_EXERCISE INSTRUCTIONS_
A precise reproduction of every record below is needed, minus the pictures.

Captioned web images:
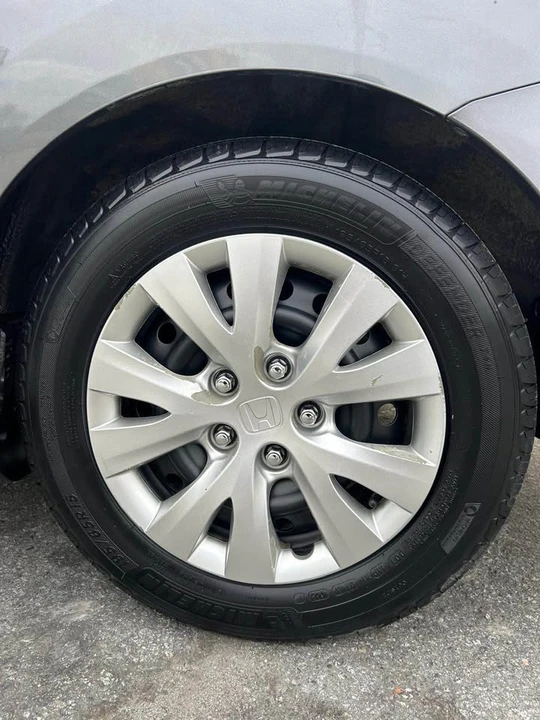 2012 Honda Civic 9th Gen - Image 13 of 15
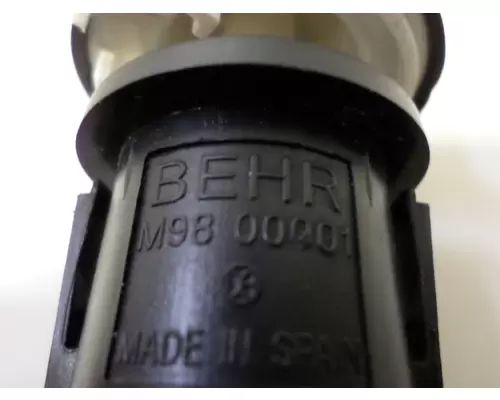 KENWORTH T680 HEADLAMP SWITCH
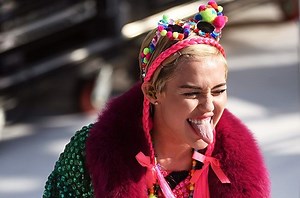 Miley Cyrus: Goodbye Twerking HELLO Nae Nae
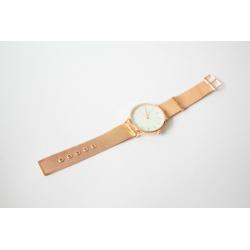Fine Metal Chain Link Ladies Analog Bracelet Watch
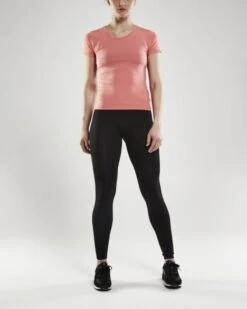 Craft Essential V-neck Korte Mouw Ondershirt Roze Dames -Craft 1906048 702000 essential vn ss c6 preview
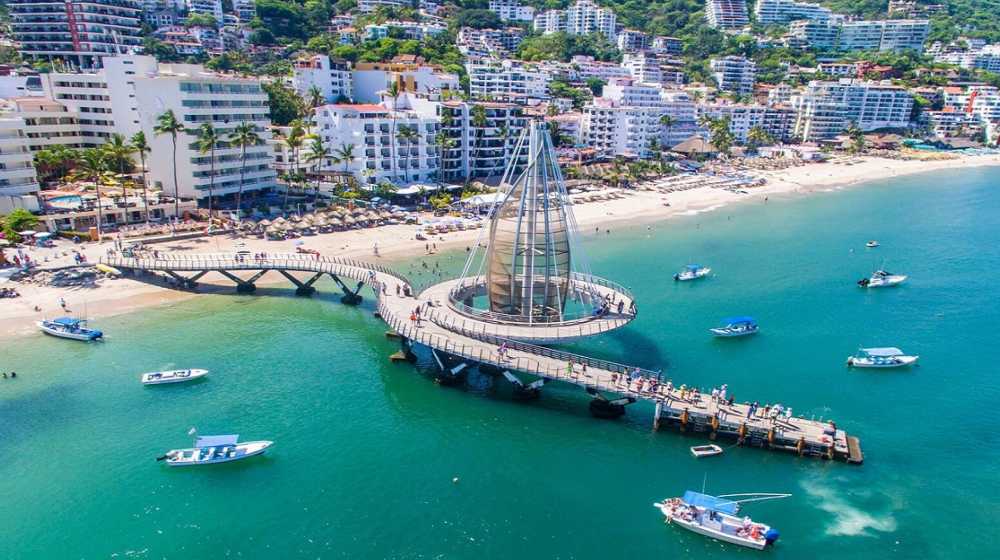 Puerto Vallarta y Bahía Banderas abren playas y hoteles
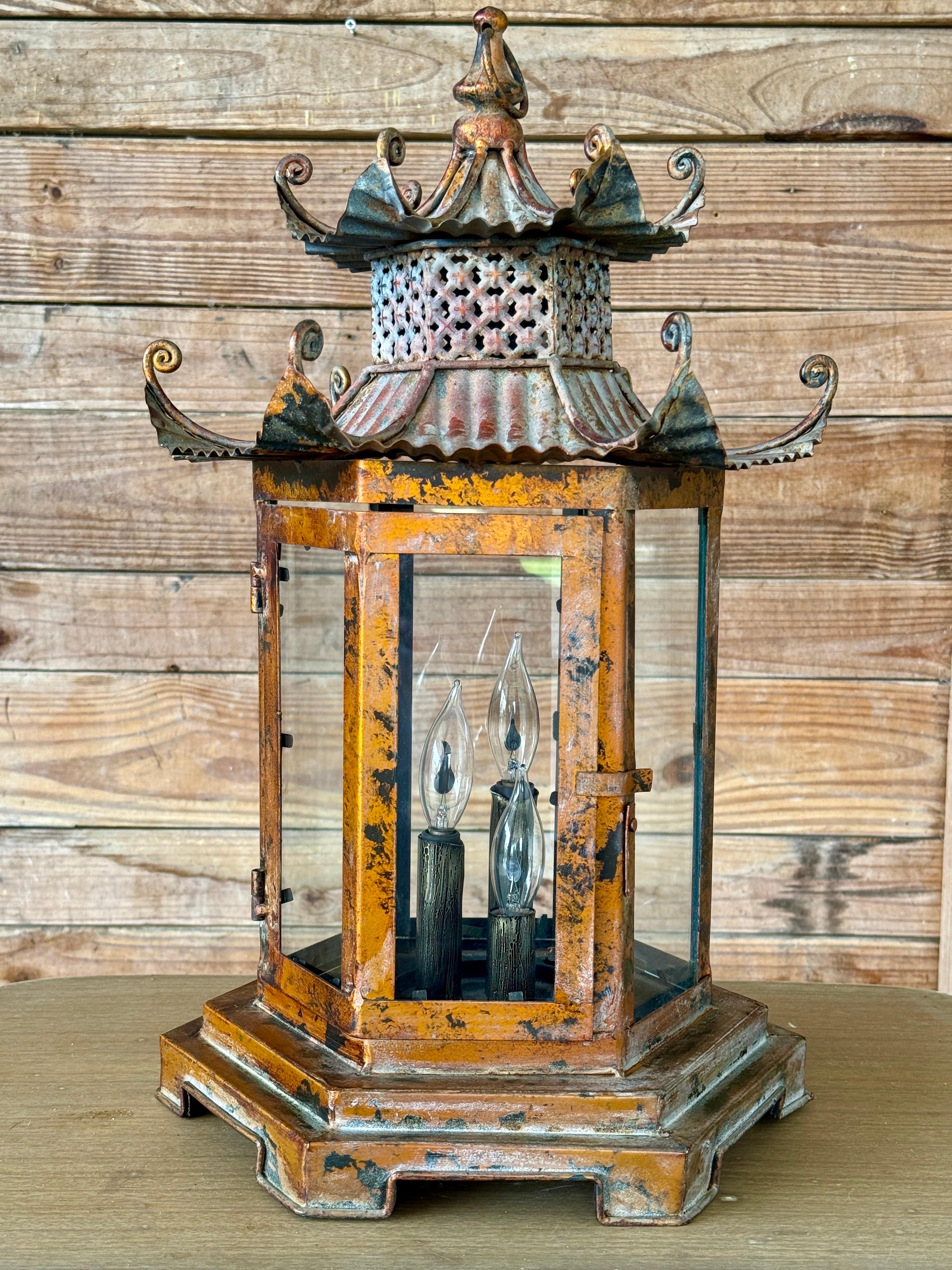 Chinoiserie Regency Pagode Lanterne suspendue en métal patiné en vente 3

_TASK SOLUTION_
 2012 Honda Civic 9th Gen - Image 13 of 15
 KENWORTH T680 HEADLAMP SWITCH
 Miley Cyrus: Goodbye Twerking HELLO Nae Nae
Fine Metal Chain Link Ladies Analog Bracelet Watch
 Craft Essential V-neck Korte Mouw Ondershirt Roze Dames -Craft 1906048 702000 essential vn ss c6 preview
 Puerto Vallarta y Bahía Banderas abren playas y hoteles
 Chinoiserie Regency Pagode Lanterne suspendue en métal patiné en vente 3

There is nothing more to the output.